1) They were not all the same - definite distinctions made between the Umbarian corsairs, the Haradrim assailed by Faramir, and the men of Far Harad

2) The 'standard' Haradrim culture involved wearing a lot of scarlet, gold jewelry, riding Oliphaunts and the use of the emblem of the snake.

These things never made me think of the arabs at all.


----------



## Flame of Udûn (Feb 21, 2004)

I have generally pictured the Haradrim as an African race, similar to the Zulu. Giant African elephants would support this more easily than it supporting an Arabian culture. The only thing that could indicate the Middle East would be the scimitars, which are not a weapon of African origin, but the scimitars are only mentioned once.


----------



## reem (Feb 24, 2004)

Did Tolkien mean to base his races on existing cultures? I think we would be grossly abusive of his material if we began labeling his creation in this way. I highly doubt that Tolkien was so lacking in imagination that he would need to resort to this form of 'copying'. 
reem


----------



## pgt (Feb 24, 2004)

Don't we know a little about the East based on the wainriders and wasn't one of the rulers of ancient Gondor living up in the far northeast for a while around the time of the kin strife? That's all from the appendices but I don't recall all that much.

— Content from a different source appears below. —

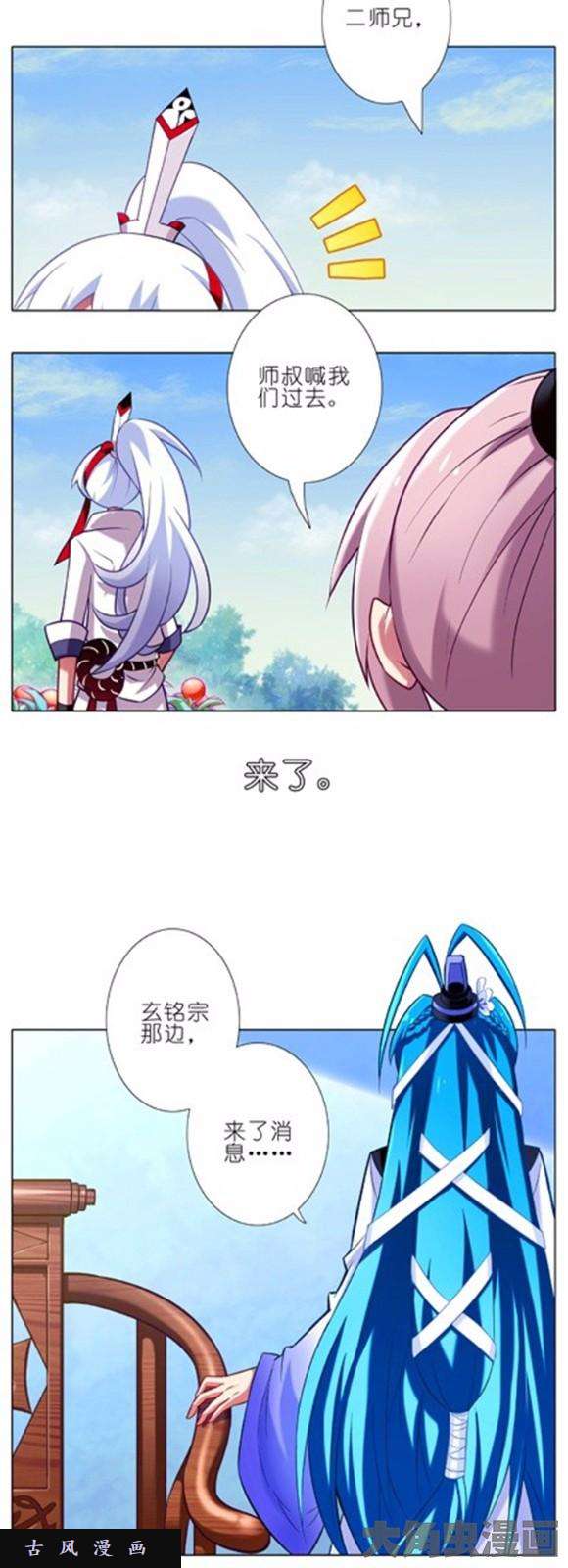 我家大师兄脑子有坑第78话 第二次伏魔大会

There's also some mention of battles around Umbar and such which sort of gets you close to the direction of Harad etc...

Not much but I think there are some teases here and there in those regions in the ROTK appendices.

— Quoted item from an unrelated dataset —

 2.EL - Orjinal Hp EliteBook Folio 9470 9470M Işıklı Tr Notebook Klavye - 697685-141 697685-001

Oh and one of the named Nazgul was a king from somewhere out there no?

----------------------------------------------

The pan-Arabic culture of the era that made use of scimitars up thru the European Renaissance was easily the or one of the most advanced enlightened civilizations up to that point in history. What's wrong w/ being associated w/ that? 

I've also somewhat stereotyped many aspects of Hobbits as 'English' and Rohirrim as 'Northern European'. Should I be cast upon the pillar of shame?

All descriptions have to be relative to a common base so even if JRRT meant to create a purely new fantasy world - it's reasonable to expect such inferences among readers. I don't think there is any right or wrong here - readers are free to read and interpret the descriptive images in their own minds based on their own experiences, knowledge, prejudices etc... that we all have.

As for descriptive words like swarthy I simply don't know what swarthy means - the dictionary tells me it means dark skinned or dark complected but I've always drawn a blank on that word.


----------



## Arthur_Vandelay (Feb 27, 2004)

pgt said:


> The pan-Arabic culture of the era that made use of scimitars up thru the European Renaissance was easily the or one of the most advanced enlightened civilizations up to that point in history. What's wrong w/ being associated w/ that?
> 
> I've also somewhat stereotyped many aspects of Hobbits as 'English' and Rohirrim as 'Northern European'. Should I be cast upon the pillar of shame?
> 
> ...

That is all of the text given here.